__PROVIDED RECORDS__.
[Start of section]

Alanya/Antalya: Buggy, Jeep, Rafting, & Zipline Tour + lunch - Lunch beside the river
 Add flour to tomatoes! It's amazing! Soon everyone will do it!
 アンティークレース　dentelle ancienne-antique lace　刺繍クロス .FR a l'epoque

[End of section]
[Start of section]

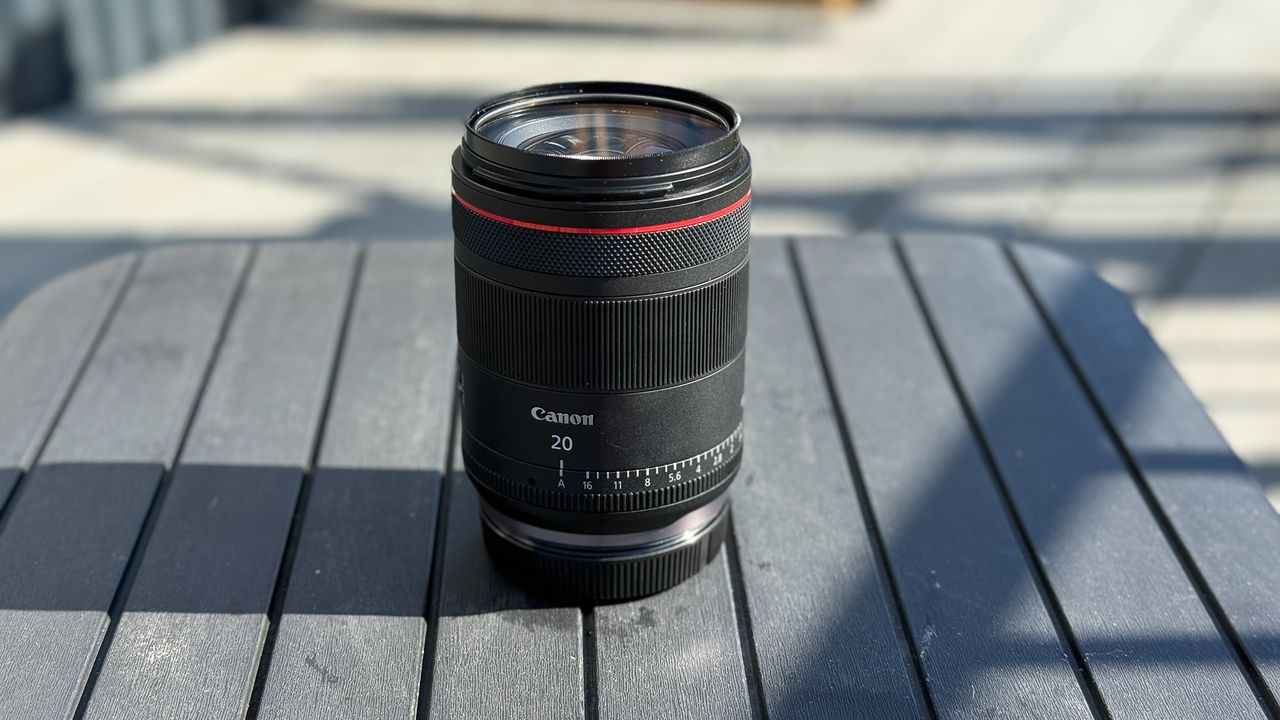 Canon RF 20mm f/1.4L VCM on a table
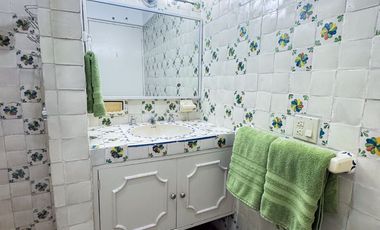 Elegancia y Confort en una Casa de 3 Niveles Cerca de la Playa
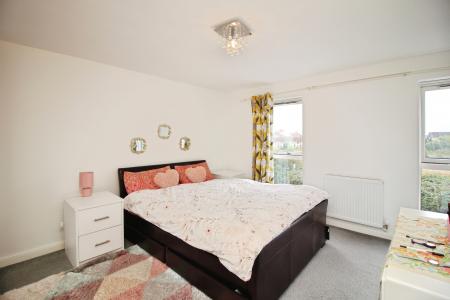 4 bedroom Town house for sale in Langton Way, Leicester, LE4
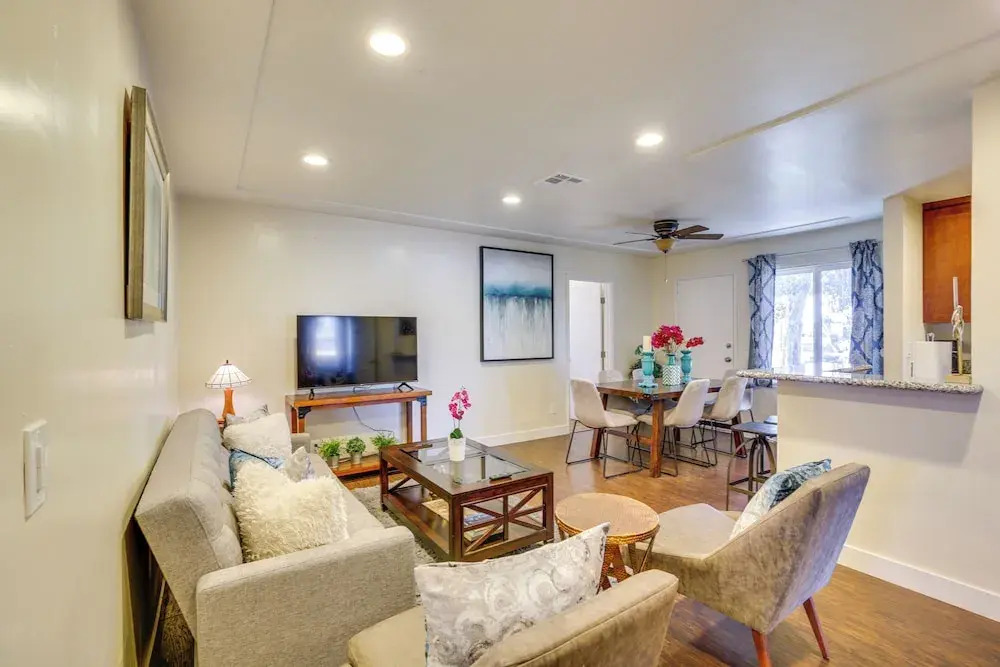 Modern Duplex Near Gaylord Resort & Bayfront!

[End of section]
[Start of section]

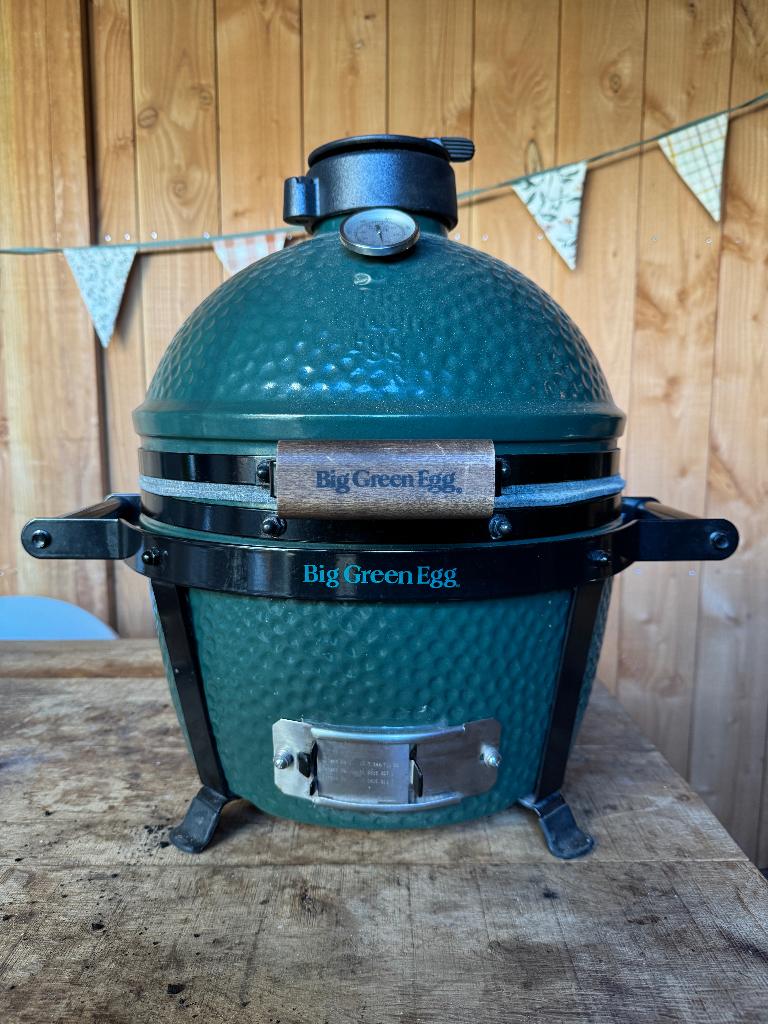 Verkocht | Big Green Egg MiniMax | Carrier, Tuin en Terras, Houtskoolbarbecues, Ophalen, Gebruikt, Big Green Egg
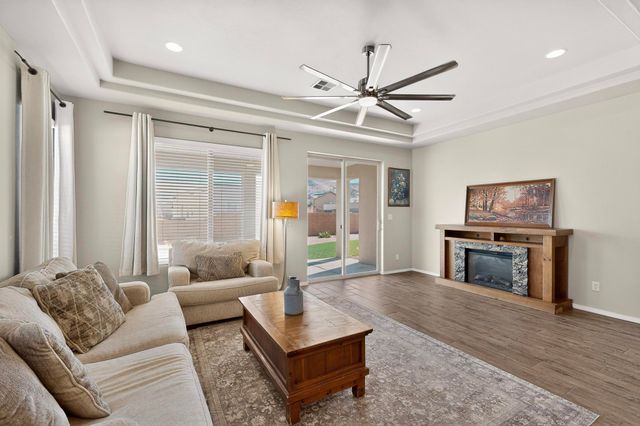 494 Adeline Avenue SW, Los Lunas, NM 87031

[End of section]

__ABOUT THIS TASK__. Using the entries above, write out exactly the lines from the one with "Canon RF 20mm f/1.4L VCM on a table" through the one with "Modern Duplex Near", ends included. Leave out any pictures.

__WRITTEN ANSWER__.
 Canon RF 20mm f/1.4L VCM on a table
 Elegancia y Confort en una Casa de 3 Niveles Cerca de la Playa
 4 bedroom Town house for sale in Langton Way, Leicester, LE4
 Modern Duplex Near Gaylord Resort & Bayfront!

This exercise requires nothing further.